Today we will take a look at the difference between robbery and burglary in specific. It is important for people facing charges to understand what they are up against, after all.
What is burglary?
Rasmussen College takes a look into robbery and burglary. They define both along with a few other common crimes. They point out that burglaries and robberies often end up conflated with one another. This is because both contain elements of theft, or larceny. Theft is a different crime. Theft is the criminal act of taking the property or service of another with no intent to return the item or pay them.
First, we have burglary. Burglary is the act of entering property that does not belong to you. You must enter with the intention to commit a crime. This crime is often theft, but that is not always the case. There are two important things to note here. First, you do not have to commit a crime for a burglary charge. You must have had the intention to do so, and that is it.
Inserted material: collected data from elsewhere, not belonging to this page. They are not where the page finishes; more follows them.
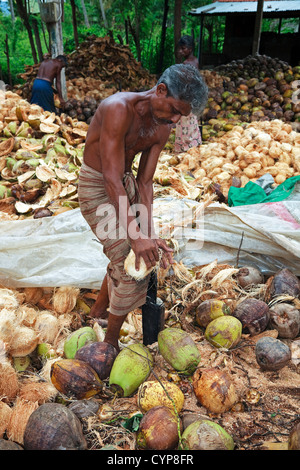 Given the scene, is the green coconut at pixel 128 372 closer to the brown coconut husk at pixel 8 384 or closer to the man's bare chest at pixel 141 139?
the brown coconut husk at pixel 8 384

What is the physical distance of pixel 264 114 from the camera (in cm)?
783

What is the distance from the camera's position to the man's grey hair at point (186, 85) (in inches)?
72.1

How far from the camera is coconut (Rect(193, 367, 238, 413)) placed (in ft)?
6.12

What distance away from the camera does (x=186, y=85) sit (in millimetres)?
1827

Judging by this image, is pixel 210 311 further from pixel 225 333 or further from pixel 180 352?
pixel 180 352

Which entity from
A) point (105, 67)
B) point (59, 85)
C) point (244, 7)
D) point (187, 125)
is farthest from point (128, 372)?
point (244, 7)

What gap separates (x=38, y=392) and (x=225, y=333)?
112 cm

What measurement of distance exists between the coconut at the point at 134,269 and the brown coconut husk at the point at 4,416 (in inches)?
35.4

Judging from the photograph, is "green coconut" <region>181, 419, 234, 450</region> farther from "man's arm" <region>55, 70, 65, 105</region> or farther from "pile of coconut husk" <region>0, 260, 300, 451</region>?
"man's arm" <region>55, 70, 65, 105</region>

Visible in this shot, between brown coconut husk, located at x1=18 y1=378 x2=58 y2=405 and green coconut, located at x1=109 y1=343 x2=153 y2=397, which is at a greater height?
green coconut, located at x1=109 y1=343 x2=153 y2=397

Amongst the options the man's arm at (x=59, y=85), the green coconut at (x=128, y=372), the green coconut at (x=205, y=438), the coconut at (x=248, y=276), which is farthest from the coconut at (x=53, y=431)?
the man's arm at (x=59, y=85)

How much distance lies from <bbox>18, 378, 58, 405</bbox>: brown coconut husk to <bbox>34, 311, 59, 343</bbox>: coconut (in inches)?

Next, you do not need to force entry for a burglary charge. If you enter private property through an open door or window, it still counts.
What is robbery?
Next, there is robbery. The key to robbery is that it must involve the use of threats or force. In other words, burglary is a personal interaction between individuals. Theft may occur without any in-person confrontation. This is not the case for robbery. Examples include robbing a bank or an ATM.
These charges have vastly different penalties. They have different levels of severity. Courts judge them in different ways. You must know this if facing any related charges.